Was ist der Black Friday? Geschichte & Ursprung

Der Black Friday 2020 steht bereits vor der Tür.

Heute ist er kaum noch wegzudenken, doch vor einigen Jahren war vielen der Begriff noch völlig fremd: der Black Friday. An diesem bestimmten Freitag im November locken Geschäfte und vor allem zahlreiche Onlineshops mit besonders attraktiven Deals und Angeboten. Warum das so ist und woher dieser Brauch kommt, erfahren Sie im folgenden Beitrag.

Was ist der Black Friday

Nicht zu verwechseln gilt es den Black Friday, zu Deutsch „schwarzer Freitag“, mit dem Tag des Börsencrashs in New York 1929, welchen wir eigentlich als Schwarzen Freitag kennen. In den USA heisst dieser Tag jedoch „Black Thursday“ und hat mit dem Black Friday nichts zu tun. An diesem Tag passiert so ziemlich das Gegenteil eines Börsencrashs, denn an diesem Tag werden in den meisten Geschäften die grössten Umsätze des Jahres gemacht. Bereits seit 2005 ist er für Händler in den USA der umsatzstärkste Tag des Jahres.

Der Black Friday ist in den USA immer am vierten Freitag im November, dem Tag nach Thanksgiving. Das macht ihn zu einem beliebten Brückentag, an dem viele Amerikaner ihre Weihnachtseinkäufe erledigen. Natürlich wissen die Unternehmen das und reagieren entsprechend mit lukrativen Rabatten und Angeboten, die nur an diesem speziellen Tag gelten. Viele Geschäfte öffnen schon in den Morgenstunden und es ist kein seltenes Bild, dass sich dort bereits am Abend zuvor lange Schlangen bilden.

Doch viele Käufer nutzen mittlerweile nicht nur den Brückentag, sondern das ganze Wochenende für ihre Einkäufe. Bei vielen Geschäften erstreckt sich daher der „Black Friday Sale“ über die gesamten drei Tage. In immer mehr Onlineshops wird sogar eine ganze Black Week veranstaltet, die dann mit dem Cyber Monday endet. Neben dieser Black Friday Woche gibt es aber im November noch einen weiteren Schnäppchen-Tag: Den Singles Day. Nun aber zurück zum Black Friday.

Black Friday Europa
Der Black Friday wird längst auch in Europa gefeiert. Die Black Friday Umsätze in verschiedenen europäischen Ländern sind in den letzten Jahren stark gewachsen.

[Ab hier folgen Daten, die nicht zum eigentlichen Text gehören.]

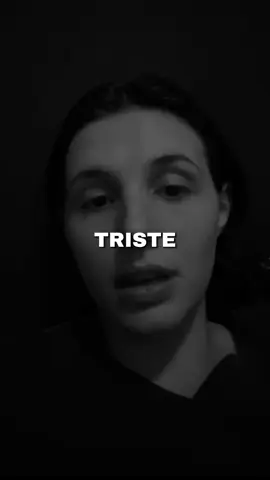 Sabe uma coisa que minha vó uma vez me disse e nunca mais saiu da minha cabeça? Ela olhou pra mim e falou: ‘Uma pessoa que dorme tranquilamente sabendo que você tá triste e chorando… claramente não pode ser o amor da sua vida.’ Pausa dramática, olhar direto pra câmera. E eu fiquei pensando nisso por muito tempo. Porque quando a gente ama de verdade, a gente sente. A gente não consegue simplesmente deitar a cabeça no travesseiro e apagar… se a outra pessoa tá mal, a gente também fica. Mas sabe o que acontece? A gente insiste em romantizar quem não tá disposto a oferecer o mínimo: cuidado. A gente inventa desculpas, justifica atitudes frias, acredita que ‘talvez ele não saiba demonstrar’, ou que ‘um dia ele vai mudar’. Só que o amor verdadeiro… não deixa a gente em dúvida. O amor verdadeiro não some nos dias em que você mais precisa. Ele não te coloca pra chorar sozinha de madrugada enquanto ele tá dormindo em paz. E foi aí que eu entendi: o amor da nossa vida não é aquele que a gente corre atrás, implora atenção, espera mensagem. O amor da nossa vida é aquele que sente junto, que se importa, que se inquieta quando percebe que a gente não tá bem. Se ele consegue dormir tranquilamente, enquanto você chora baixinho… não é amor. É só apego, é só costume, é só você tentando preencher um vazio que nunca deveria ser ocupado por alguém que não te escolhe de verdade. Então lembra: quem te ama, cuida. Quem te ama, não descansa enquanto você não estiver em paz também. Porque amor de verdade… não é indiferença. É presença. E se você ainda tá em dúvida… a dúvida já é a resposta. #conselhos #amor #amordasuavida #triste #chorando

Der Black Friday in Deutschland

Für die meisten Deutschen ist der Black Friday bereits so etwas wie Tradition. Doch noch vor einigen Jahren kannte ihn hier noch niemand. Das erste Unternehmen, das auch in Deutschland am Black Friday mit Sonderrabatten lockte, war der amerikanische Tech-Konzern Apple im Jahr 2006. Allerdings verwendete Apple dabei nicht den Begriff „Black Friday“. Es war eher die Rede von einem „eintägigen Shoppingevent“.

In den folgenden Jahren nahm die Bekanntheit des Black Friday stetig zu. Im Jahr 2013 warben bereits 500 Unternehmen online mit Rabatten zum Black Friday. Nur 3 Jahre später erzielten deutsche E-Commerce Unternehmen am Black Friday Wochenende bereits 360 Millionen Euro Umsatz. Während in den USA am Black Friday vor allem der stationäre Handel Rabatte und Aktionen anbietet, konzentrieren sich in Europa vor allem Online-Shops auf das Black Friday Wochenende.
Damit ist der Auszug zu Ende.